The Senate this week passed sweeping legislation aimed at easing the nation’s opioid epidemic, but advocates worry that it doesn’t go far enough.
Washington state officials praised the Opioid Crisis Response Act, which would increase regulation of opioid manufacturers and expand addiction treatment options.
But they stressed that it’s just one step in addressing the epidemic, which has caused more than 7,500 deaths in Washington between 2006 and 2016, according to the state’s Department of Health.
“It is an incremental change. It is not a massive change,” said Jason McGill, Gov. Jay Inslee’s senior health policy advisor. “Let’s face it. With what Congress is right now, getting anything passed is probably a good thing.”
Among the concerns is the exclusion of policies, endorsed by the American Society of Addiction Medicine and the National Governors Association, that would streamline the process of caring for addicted patients. The House passed its version of the bill earlier this year; negotiators from the two chambers will now craft a compromise plan, and the House and Senate will vote on it, probably later this year.
McGill also saw plenty to like in the bill approved overwhelmingly this week by the Senate, especially initiatives that complement or expand programs Washington is already employing to fight the opioid crisis.
The legislation includes a telemedicine grant to teach the best practices for dealing with opioid addiction to doctors who work at community opioid recovery centers, McGill said.
That would create a network for physicians similar to the Hub and Spoke model used in Washington, which he said has seen “some real success.” Statistics from the state’s Department of Social and Health Services show Washington’s model is outperforming its goals, with more than 3,200 people in treatment as of July, nearly twice its target number.
The bill also has a $46 million grant program, proposed by Sen. Maria Cantwell, D-Washington, to train emergency responders for dealing with the aftermath of a drug overdose, and link them with clinicians and peer recovery people.

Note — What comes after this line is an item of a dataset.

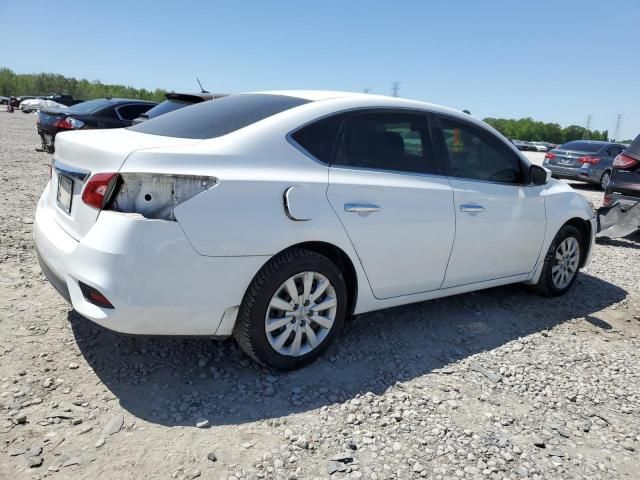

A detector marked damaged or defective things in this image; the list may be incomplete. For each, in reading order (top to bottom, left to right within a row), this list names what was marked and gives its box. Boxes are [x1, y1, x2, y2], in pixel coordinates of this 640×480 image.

damaged taillight [104, 173, 216, 220]
broken tail light lens [104, 173, 216, 220]
damaged car in background [36, 91, 600, 372]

McGill said Washington has a related pilot program underway “that we’d like to scale up” using a federal grant.
Casey Katims, Washington’s director of federal and inter-state affairs, liked a bill provision that allows doctors to continue caring for 275 addicted patients with medication-assisted treatment, a technique that combines medication and therapy.

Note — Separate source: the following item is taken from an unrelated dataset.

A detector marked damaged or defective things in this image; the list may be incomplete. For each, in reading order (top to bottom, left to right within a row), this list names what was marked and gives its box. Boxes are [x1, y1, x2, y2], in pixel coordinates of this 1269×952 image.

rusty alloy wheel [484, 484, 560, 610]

A crucial part of the legislation, Katims said, is a funding for Opioid State Targeted Response grants, which “we’ve been able to deploy ... in really important ways to help people who are struggling with addiction.”
But the bill, approved Monday night by a 99-1 vote, has flaws.
It does not include a change to the Medicaid Institutions for Mental Diseases exclusion, which limits the funding that residential treatment facilities with more than 16 beds can receive from Medicaid — a joint federal-state program that provides free or discounted health care for low-income Americans.
President Donald Trump has been granting waivers to Washington and other states so their facilities can receive the Medicaid funding, Katims said, but Inslee would like to see a change in the law.
Monday’s opioid bill does not modify a patient privacy rights law that hampers doctors’ ability to access information about patients’ substance use disorders, another change that Inslee has endorsed. He declared a “public health crisis” in Washington, where prescription-related deaths are decreasing but heroin and fentanyl overdoses have risen over the last few years.
Sen. Patty Murray, D-Washington, the top Democrat on the Senate Health Committee, cheered the bill’s passage but acknowledged the legislation does not go far enough in combating the epidemic.
“I know this is far from case-closed,” she said. “We have a whole lot more work ahead of us in the coming months and years to truly respond to this crisis.”
Another of Cantwell’s initiatives in the bill would increase civil and criminal penalties on opioid manufacturers that fail to control “negligent distribution” of painkillers, which her office said could strengthen lawsuits Washington cities and the state have filed against manufacturers.
Last year, Washington Attorney General Bob Ferguson sued Purdue Pharma, the maker of the pain reliever OxyContin, accusing the company of “fueling the opioid epidemic in Washington state, embarking on a massive deceptive marketing campaign and convincing doctors and the public that their drugs are effective for treating chronic pain and have a low risk of addiction, contrary to overwhelming evidence.”
If successful, the lawsuit, filed in King County Superior Court, would force the company to forfeit the money it made in Washington as a result of its “illegal conduct,” and put it toward countering the state’s epidemic.
“We vigorously deny the state’s allegations,” said Bob Josephson, a Purdue spokesman. “The state claims Purdue acted improperly by communicating with prescribers about scientific and medical information that (the Food and Drug Administration) has expressly considered and continues to approve. We believe it is inappropriate for the state to substitute its judgment for the judgment of the regulatory, scientific and medical experts at FDA.”